■ Exercise instructions
Could you reproduce, word for word, everything below from the line containing "South America: an" down to the line containing "Un fragile ponte", with both of those lines included and no others?

■ Given entries

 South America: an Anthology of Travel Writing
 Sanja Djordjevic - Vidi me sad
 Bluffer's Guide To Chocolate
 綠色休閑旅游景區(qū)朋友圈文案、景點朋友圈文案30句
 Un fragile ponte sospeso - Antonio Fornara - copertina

...

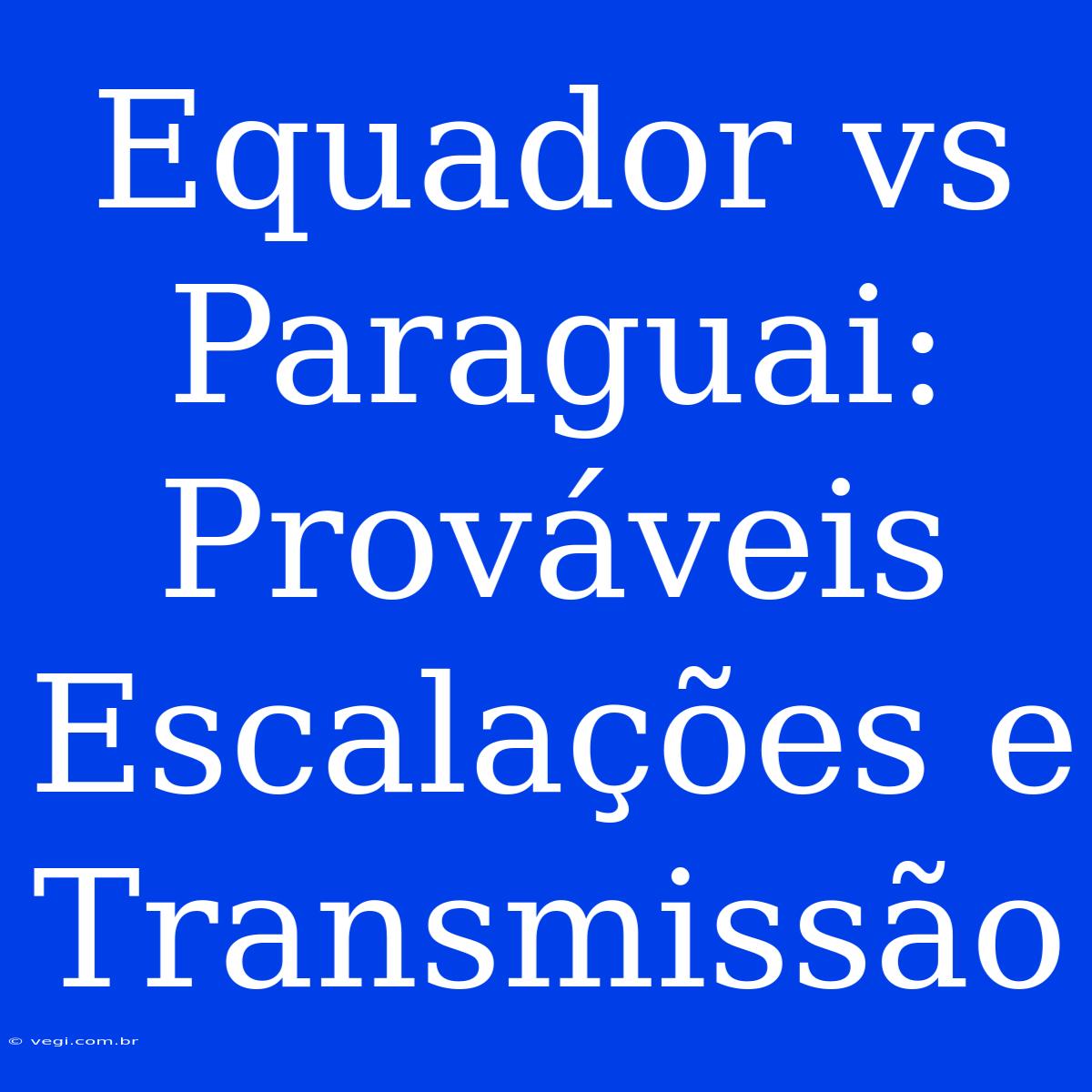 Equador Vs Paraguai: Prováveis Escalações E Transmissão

■ Result for this exercise
 South America: an Anthology of Travel Writing
 Sanja Djordjevic - Vidi me sad
 Bluffer's Guide To Chocolate
 綠色休閑旅游景區(qū)朋友圈文案、景點朋友圈文案30句
 Un fragile ponte sospeso - Antonio Fornara - copertina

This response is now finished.